Now you may think I am exaggerating, but if you put on your kitchen timer when you serve dinner, you’ll find out I am probably on target. I didn’t really believe it myself, and the first meal I forgot that I’d set the timer. It rang and surprised me while I was in the bathroom brushing my teeth, and everyone had long scattered from the dinner table.
Did you know it takes your brain 20 minutes to register that you’ve had enough food? Twenty minutes before you actually register satisfaction and want to stop eating. If you rush through your dinner, eating as fast as you’ve lived your day, you can pack away twice the volume of food before your 20 minutes blood sugar memo ever hits your brain and says “stop!”

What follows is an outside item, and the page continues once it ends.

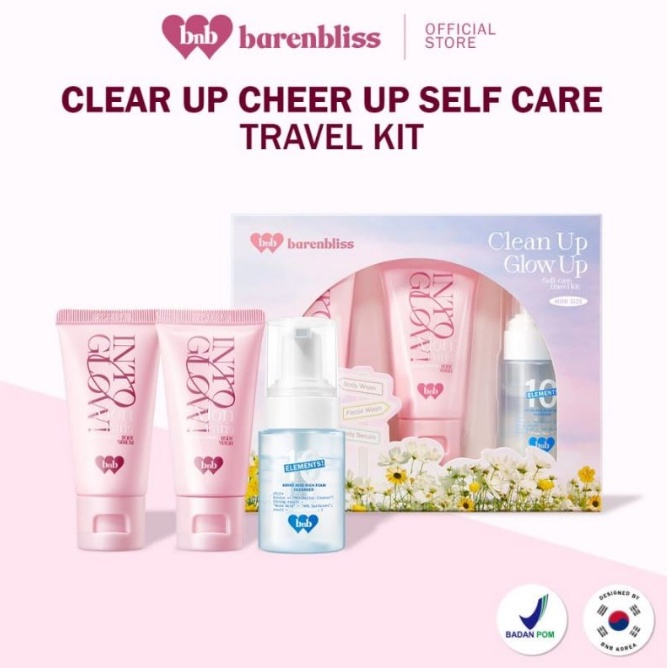 BARENBLISS - BNB Clean Up Glow Up Self-Care Travel Kit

One of the explanations of why South America women are slim, in spite of a less than ideal diet, is that their culture defines mealtime as a time to visit, chat, relax, sit back and relish a break in the day. When we were in Chile, I enjoyed watching the people eat. They came into a restaurant and looked like they were planning to spend the afternoon. There was no rushing, no urgency to get through and get out. They were just hanging out, getting something to drink or a snack. They talked and visited—maybe later they’d order food. They would stand, greet and embrace anyone who joined their party. Getting the food down was not the main event.
Eat slowly to eat less. It’s relaxing. It’s a nice change from a hectic lifestyle. It allows the day’s tension to melt off. It lets you really enjoy and taste the food. It gives you a chance to talk and discuss things with each other. It puts us more in tune with children, whose natural pace is not hurry, hurry.
Twenty minutes to savor and enjoy and take a break. I like it.